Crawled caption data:
****

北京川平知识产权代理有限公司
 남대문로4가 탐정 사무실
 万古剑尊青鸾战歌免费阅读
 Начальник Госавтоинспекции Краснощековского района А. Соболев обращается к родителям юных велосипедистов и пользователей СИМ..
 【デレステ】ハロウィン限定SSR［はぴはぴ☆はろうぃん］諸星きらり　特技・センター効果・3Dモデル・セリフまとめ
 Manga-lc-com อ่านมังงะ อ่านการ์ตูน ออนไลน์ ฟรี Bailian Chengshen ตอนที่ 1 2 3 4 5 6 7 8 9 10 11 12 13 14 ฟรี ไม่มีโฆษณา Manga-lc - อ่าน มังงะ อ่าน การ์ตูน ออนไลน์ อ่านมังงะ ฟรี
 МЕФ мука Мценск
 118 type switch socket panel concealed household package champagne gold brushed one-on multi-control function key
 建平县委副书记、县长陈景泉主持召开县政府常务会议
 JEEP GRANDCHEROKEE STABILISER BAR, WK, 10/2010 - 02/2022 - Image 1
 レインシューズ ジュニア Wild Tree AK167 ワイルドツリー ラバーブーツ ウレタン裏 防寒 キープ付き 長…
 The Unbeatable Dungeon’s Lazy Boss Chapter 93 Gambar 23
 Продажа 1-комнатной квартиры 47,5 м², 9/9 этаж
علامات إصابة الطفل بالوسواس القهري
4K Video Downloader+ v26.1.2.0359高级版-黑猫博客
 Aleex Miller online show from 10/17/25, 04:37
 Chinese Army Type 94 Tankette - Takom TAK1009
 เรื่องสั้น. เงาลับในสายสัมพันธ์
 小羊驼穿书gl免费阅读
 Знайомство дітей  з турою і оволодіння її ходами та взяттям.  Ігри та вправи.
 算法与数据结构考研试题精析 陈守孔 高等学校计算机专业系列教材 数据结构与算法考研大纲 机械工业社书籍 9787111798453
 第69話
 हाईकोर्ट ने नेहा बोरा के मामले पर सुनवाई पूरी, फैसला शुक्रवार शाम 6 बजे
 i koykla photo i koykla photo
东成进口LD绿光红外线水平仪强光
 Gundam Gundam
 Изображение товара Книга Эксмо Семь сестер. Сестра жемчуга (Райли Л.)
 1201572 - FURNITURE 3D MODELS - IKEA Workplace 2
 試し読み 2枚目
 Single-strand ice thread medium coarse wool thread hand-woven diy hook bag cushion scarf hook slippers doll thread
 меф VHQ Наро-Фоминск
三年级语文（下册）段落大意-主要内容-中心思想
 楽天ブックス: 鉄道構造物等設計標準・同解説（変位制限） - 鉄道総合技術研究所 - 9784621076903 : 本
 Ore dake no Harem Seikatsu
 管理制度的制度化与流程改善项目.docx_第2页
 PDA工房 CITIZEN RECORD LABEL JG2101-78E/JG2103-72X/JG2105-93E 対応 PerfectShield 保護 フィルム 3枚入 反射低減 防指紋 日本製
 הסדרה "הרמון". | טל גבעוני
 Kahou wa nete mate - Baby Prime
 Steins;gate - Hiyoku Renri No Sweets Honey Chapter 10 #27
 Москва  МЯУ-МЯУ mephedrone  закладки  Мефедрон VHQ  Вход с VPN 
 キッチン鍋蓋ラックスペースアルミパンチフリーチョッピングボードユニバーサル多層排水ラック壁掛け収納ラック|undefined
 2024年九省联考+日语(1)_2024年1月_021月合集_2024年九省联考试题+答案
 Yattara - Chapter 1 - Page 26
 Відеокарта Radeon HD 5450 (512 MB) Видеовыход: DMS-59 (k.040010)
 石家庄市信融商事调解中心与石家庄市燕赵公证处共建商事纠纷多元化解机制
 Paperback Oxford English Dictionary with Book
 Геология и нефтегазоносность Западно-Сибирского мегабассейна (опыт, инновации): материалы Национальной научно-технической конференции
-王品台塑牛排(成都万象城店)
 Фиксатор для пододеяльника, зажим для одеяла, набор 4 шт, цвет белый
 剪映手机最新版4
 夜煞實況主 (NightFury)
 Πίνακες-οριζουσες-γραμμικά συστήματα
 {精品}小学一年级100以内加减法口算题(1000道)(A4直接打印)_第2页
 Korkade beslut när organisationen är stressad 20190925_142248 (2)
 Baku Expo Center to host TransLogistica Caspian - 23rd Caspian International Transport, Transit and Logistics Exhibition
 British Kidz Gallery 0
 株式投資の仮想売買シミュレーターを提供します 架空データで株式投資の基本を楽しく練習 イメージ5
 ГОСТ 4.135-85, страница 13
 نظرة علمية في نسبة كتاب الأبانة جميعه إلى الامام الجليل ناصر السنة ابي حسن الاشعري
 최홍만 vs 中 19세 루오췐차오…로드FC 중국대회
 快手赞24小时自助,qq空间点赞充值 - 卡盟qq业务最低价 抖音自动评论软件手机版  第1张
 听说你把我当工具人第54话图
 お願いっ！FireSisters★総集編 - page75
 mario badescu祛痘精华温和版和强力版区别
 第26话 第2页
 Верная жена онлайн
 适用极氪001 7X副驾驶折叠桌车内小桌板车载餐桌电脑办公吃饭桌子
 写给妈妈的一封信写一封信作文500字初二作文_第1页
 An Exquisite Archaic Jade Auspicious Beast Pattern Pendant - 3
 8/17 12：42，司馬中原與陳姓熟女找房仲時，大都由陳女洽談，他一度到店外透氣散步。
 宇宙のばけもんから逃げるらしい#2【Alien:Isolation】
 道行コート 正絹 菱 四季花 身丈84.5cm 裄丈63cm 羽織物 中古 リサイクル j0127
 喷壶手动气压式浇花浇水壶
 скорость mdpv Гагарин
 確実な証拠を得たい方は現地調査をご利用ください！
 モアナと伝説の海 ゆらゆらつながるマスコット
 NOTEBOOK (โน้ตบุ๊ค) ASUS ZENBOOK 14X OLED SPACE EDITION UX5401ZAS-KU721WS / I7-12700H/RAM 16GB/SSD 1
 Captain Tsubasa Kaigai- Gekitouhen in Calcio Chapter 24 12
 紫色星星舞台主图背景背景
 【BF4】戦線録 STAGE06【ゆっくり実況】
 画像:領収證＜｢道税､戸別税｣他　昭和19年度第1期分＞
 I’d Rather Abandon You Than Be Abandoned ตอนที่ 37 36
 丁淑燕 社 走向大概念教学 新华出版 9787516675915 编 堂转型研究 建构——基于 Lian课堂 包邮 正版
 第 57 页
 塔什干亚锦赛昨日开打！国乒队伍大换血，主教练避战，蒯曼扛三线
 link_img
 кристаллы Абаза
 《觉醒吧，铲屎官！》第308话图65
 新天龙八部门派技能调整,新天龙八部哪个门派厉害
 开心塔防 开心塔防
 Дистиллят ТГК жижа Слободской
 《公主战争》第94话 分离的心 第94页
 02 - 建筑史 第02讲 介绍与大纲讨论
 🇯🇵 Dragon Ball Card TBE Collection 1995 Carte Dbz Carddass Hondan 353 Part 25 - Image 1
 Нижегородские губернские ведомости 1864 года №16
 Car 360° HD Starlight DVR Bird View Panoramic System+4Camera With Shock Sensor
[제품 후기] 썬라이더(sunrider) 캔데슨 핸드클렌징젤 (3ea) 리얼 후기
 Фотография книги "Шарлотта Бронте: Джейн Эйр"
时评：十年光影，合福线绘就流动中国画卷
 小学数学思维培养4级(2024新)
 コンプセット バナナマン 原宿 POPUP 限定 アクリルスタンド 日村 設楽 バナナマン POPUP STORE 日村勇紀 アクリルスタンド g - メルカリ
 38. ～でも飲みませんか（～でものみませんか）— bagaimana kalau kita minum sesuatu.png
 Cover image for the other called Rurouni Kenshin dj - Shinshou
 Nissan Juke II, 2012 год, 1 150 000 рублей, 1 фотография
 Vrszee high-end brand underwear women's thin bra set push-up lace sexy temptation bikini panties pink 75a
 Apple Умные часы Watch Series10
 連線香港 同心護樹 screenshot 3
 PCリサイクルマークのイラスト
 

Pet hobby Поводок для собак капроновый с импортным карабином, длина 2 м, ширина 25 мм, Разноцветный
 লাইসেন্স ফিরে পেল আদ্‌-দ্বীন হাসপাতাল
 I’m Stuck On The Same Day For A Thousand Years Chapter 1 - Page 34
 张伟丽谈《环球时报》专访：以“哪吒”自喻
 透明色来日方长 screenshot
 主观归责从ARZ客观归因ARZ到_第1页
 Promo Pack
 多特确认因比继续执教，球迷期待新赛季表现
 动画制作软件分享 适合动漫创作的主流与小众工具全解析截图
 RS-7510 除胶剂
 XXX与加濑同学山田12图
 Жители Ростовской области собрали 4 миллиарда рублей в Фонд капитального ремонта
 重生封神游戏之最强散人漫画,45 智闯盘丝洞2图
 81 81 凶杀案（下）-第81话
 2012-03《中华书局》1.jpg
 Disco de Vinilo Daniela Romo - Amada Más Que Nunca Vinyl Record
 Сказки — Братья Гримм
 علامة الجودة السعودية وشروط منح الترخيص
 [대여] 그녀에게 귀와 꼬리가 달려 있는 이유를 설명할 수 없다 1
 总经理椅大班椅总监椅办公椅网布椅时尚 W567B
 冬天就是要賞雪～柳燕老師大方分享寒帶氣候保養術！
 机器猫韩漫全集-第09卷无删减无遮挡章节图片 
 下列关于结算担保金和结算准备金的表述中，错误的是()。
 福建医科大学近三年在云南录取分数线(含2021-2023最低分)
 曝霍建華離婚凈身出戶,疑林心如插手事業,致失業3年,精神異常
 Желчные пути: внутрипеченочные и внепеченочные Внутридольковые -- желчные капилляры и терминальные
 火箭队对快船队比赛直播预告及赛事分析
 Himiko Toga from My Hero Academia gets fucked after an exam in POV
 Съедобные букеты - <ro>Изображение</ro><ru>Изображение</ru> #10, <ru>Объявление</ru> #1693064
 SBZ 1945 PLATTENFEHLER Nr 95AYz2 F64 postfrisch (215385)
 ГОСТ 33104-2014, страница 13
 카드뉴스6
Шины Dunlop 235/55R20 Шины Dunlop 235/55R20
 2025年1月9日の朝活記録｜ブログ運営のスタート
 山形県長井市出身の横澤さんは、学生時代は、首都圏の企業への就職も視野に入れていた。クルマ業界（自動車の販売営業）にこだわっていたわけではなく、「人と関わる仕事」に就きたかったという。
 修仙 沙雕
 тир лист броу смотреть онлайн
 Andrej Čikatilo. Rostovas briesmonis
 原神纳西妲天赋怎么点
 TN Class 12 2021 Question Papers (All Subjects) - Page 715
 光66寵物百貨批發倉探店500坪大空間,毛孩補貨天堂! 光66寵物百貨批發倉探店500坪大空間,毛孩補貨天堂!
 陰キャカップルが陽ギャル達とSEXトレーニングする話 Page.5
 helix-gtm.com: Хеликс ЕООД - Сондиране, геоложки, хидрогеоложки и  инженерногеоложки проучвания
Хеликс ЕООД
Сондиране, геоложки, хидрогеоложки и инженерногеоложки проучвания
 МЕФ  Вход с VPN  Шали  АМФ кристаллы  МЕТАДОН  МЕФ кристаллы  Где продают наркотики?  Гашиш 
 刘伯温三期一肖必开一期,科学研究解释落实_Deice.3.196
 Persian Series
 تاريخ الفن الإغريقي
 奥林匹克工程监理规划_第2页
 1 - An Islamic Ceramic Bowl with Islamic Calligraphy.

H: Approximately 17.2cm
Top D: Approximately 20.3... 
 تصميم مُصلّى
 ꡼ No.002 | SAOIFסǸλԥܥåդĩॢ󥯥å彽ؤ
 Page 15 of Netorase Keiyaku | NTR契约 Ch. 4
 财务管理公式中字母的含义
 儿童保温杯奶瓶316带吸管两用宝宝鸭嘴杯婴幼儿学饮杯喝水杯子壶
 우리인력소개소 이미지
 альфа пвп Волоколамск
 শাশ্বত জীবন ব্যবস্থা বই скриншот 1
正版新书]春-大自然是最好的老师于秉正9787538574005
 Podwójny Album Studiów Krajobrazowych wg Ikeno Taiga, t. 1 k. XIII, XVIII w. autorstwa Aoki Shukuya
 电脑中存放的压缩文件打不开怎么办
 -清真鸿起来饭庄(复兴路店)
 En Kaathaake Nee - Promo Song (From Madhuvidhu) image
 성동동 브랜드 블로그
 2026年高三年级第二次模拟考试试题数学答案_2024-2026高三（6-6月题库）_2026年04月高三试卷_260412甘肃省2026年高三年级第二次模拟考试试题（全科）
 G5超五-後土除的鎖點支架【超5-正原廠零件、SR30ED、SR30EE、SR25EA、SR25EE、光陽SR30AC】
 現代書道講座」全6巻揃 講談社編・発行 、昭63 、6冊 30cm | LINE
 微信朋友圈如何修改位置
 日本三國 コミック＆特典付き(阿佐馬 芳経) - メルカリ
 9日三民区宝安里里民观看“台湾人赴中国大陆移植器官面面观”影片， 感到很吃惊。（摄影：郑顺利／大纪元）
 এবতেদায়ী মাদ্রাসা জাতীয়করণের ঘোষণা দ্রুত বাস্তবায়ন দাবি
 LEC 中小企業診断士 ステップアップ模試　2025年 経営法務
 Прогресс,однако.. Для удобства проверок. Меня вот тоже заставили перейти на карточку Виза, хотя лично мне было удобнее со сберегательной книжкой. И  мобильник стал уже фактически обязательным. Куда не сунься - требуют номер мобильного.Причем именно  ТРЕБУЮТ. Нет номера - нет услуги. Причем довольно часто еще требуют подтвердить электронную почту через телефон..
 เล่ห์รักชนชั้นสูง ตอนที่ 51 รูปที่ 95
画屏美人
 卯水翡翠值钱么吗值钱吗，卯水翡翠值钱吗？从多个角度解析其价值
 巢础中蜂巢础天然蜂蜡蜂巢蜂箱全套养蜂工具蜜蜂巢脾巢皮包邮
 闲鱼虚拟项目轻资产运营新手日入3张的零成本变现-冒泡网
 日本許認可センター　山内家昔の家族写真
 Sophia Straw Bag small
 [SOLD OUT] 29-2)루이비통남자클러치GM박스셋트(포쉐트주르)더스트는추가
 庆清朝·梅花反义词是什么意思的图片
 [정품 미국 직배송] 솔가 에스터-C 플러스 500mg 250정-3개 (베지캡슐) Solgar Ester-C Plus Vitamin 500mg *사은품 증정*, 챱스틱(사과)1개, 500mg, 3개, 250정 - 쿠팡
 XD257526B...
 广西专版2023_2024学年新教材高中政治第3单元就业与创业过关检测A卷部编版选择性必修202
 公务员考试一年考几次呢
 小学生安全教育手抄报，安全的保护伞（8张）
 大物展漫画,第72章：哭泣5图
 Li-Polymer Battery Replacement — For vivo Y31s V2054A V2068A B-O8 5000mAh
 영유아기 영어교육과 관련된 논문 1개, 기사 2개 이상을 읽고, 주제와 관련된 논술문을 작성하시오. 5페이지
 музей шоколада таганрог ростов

****

Copy the records above exactly, beginning at the line that contains "Top D: Approximately 20.3..." and stopping after the line that contains "LEC 中小企業診断士 ステップアップ模試　2025年 経営法務".

RESPONSE AREA:
Top D: Approximately 20.3... 
 تصميم مُصلّى
 ꡼ No.002 | SAOIFסǸλԥܥåդĩॢ󥯥å彽ؤ
 Page 15 of Netorase Keiyaku | NTR契约 Ch. 4
 财务管理公式中字母的含义
 儿童保温杯奶瓶316带吸管两用宝宝鸭嘴杯婴幼儿学饮杯喝水杯子壶
 우리인력소개소 이미지
 альфа пвп Волоколамск
 শাশ্বত জীবন ব্যবস্থা বই скриншот 1
正版新书]春-大自然是最好的老师于秉正9787538574005
 Podwójny Album Studiów Krajobrazowych wg Ikeno Taiga, t. 1 k. XIII, XVIII w. autorstwa Aoki Shukuya
 电脑中存放的压缩文件打不开怎么办
 -清真鸿起来饭庄(复兴路店)
 En Kaathaake Nee - Promo Song (From Madhuvidhu) image
 성동동 브랜드 블로그
 2026年高三年级第二次模拟考试试题数学答案_2024-2026高三（6-6月题库）_2026年04月高三试卷_260412甘肃省2026年高三年级第二次模拟考试试题（全科）
 G5超五-後土除的鎖點支架【超5-正原廠零件、SR30ED、SR30EE、SR25EA、SR25EE、光陽SR30AC】
 現代書道講座」全6巻揃 講談社編・発行 、昭63 、6冊 30cm | LINE
 微信朋友圈如何修改位置
 日本三國 コミック＆特典付き(阿佐馬 芳経) - メルカリ
 9日三民区宝安里里民观看“台湾人赴中国大陆移植器官面面观”影片， 感到很吃惊。（摄影：郑顺利／大纪元）
 এবতেদায়ী মাদ্রাসা জাতীয়করণের ঘোষণা দ্রুত বাস্তবায়ন দাবি
 LEC 中小企業診断士 ステップアップ模試　2025年 経営法務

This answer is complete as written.